TREES are often depicted as shelters from a storm, but they are not a driver's best friend.

Studies have found that people inside a car that has rammed into a tree are more likely to be hurt than in a collision between cars.

Trees are more dangerous than guard rails and poles.

They often prove deadly because they are stationary, rigid and do not absorb the impact of a crash.

When a vehicle hits a tree, the impact is concentrated. So cars tend to be badly mangled, with passengers suffering serious injuries, according to a 2006 study by the International Society of Arboriculture. Arboriculture is the science of growth and development of trees.

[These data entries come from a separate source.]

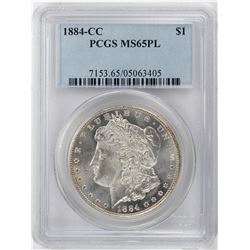 1884-CC $1 Morgan Silver Dollar Coin PCGS MS65 PL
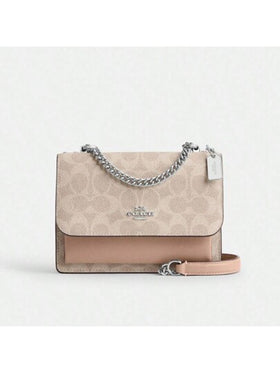 Coach حقيبة كروس بودي صغيرة للنساء، حقيبة مربعة صغيرة، حقيبة سلسلة، حقيبة كتف بغطاء، هدية للنساء، CW206 SVPWH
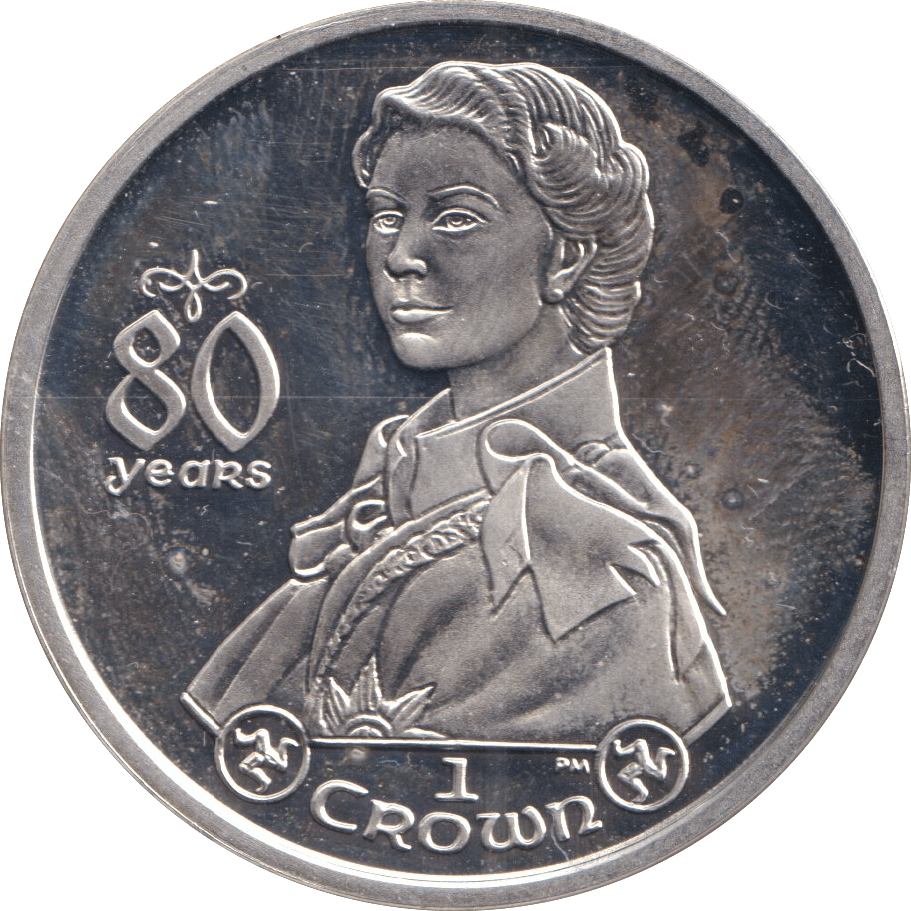 2006 ONE CROWN ISLE OF MAN 80 YEARS - SILVER WORLD COINS - Cambridgeshire Coins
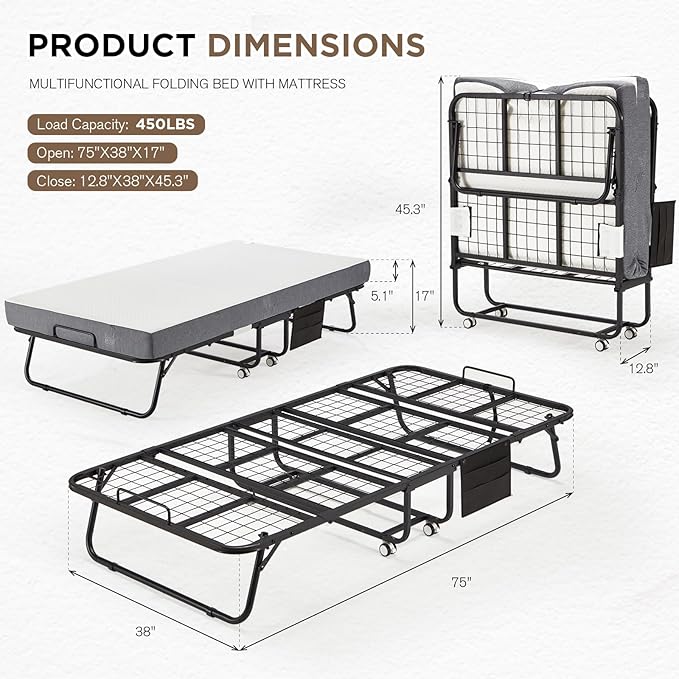 MELLCOM 75"x 38" Folding Bed with Mattress, Twin Size Portable Rollaway Guest Bed for Adults with 5 Inch Foam Mattress,Space-Saving Foldable Beds with Metal Frame&Bed Side Pocket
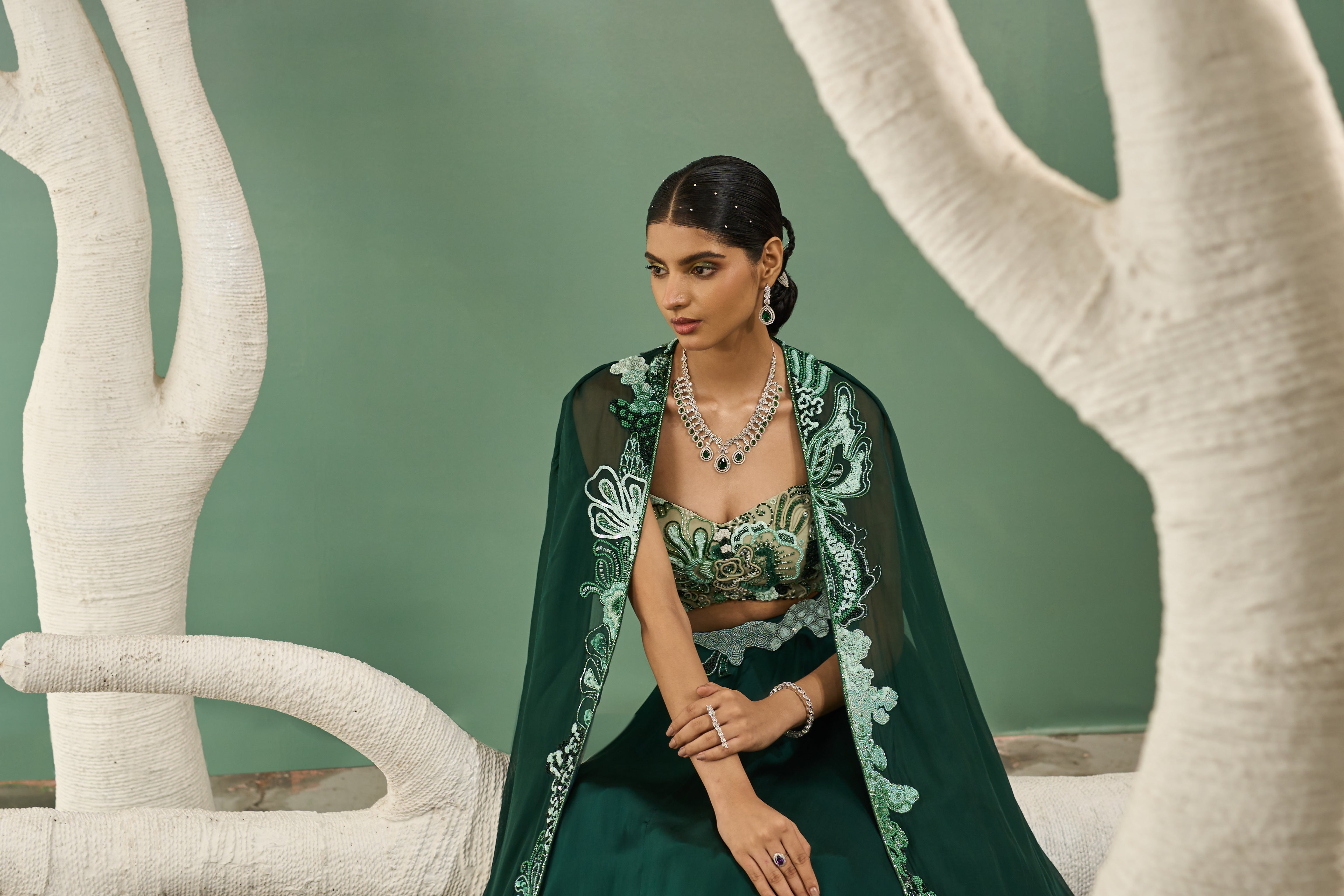 Mint & Dark Green Applique Lehenga
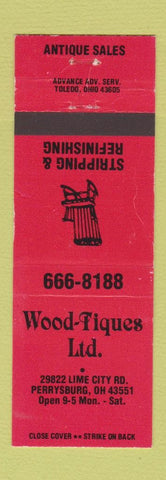 Matchbook Cover - Wood Figues Antiques Perrysburg OH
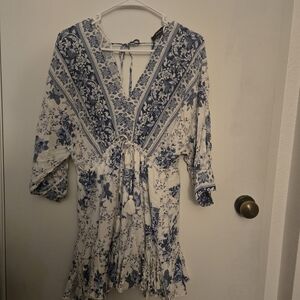 Lulu's Blue and White Floral Mini Dress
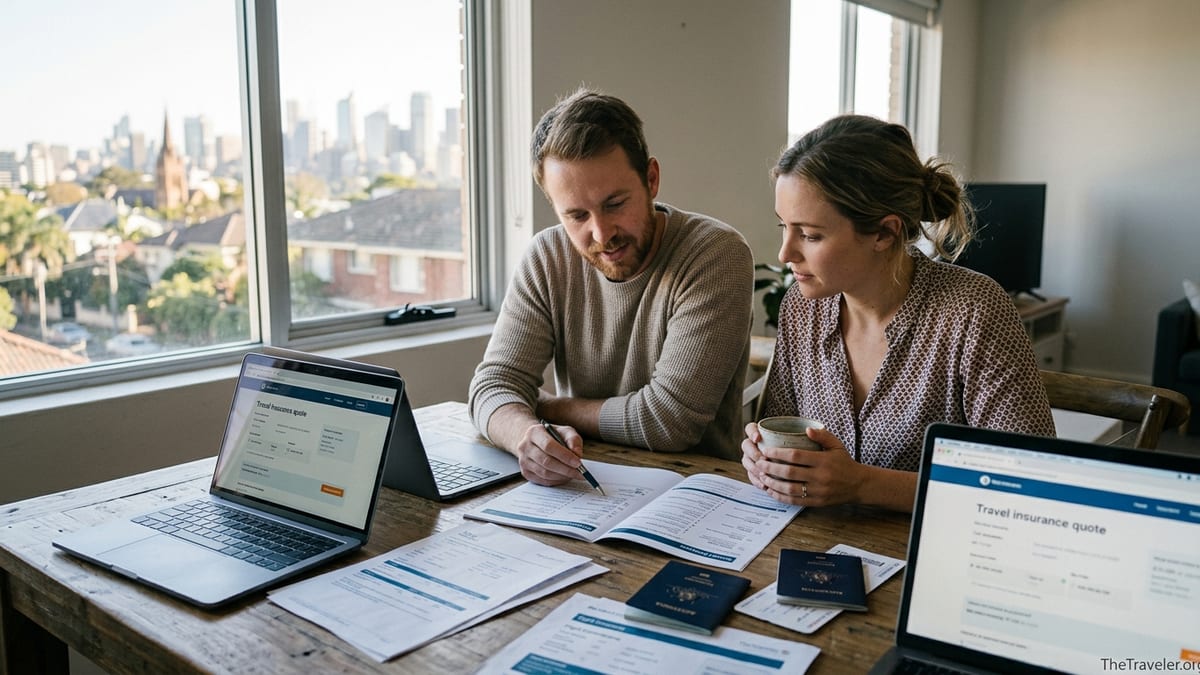 Australian couple comparing travel insurance options at a kitchen table before an overseas trip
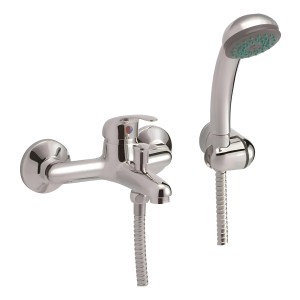 Monocomando Ducha Rimontti Plateado Con Teléfono De Pared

In a crash involving two cars, the "impact energy" is absorbed by both and distributed over a wider area.

Last Thursday, a Singaporean family, the Bongs, were on their way to Kuala Lumpur for a holiday when their Mitsubishi Grandis slammed into a tree, then another, along the North-South Expressway near Muar.

The accident left the seven-seater vehicle in a crumpled mess against one of the trees. The impact was so strong that it flung three of its passengers out, over distances of between 10m and 36m.

Of all car collisions with trees in the United States in 2002, nearly half caused severe injuries or death.

But such collisions come a close second to non-collision accidents such as rollovers - when cars turn turtle - and driving into a ditch, which tend to cause greater injury, said the 2006 study.

In the past year, there have been at least eight reported car accidents in Singapore involving trees, six of them fatal.
Three weeks ago, two police officers were hurt - one seriously - when their patrol car smashed into a tree along Jurong West Avenue 5.

The vehicle was so mangled that Singapore Civil Defence Force officers had to use tools to extricate the two policemen.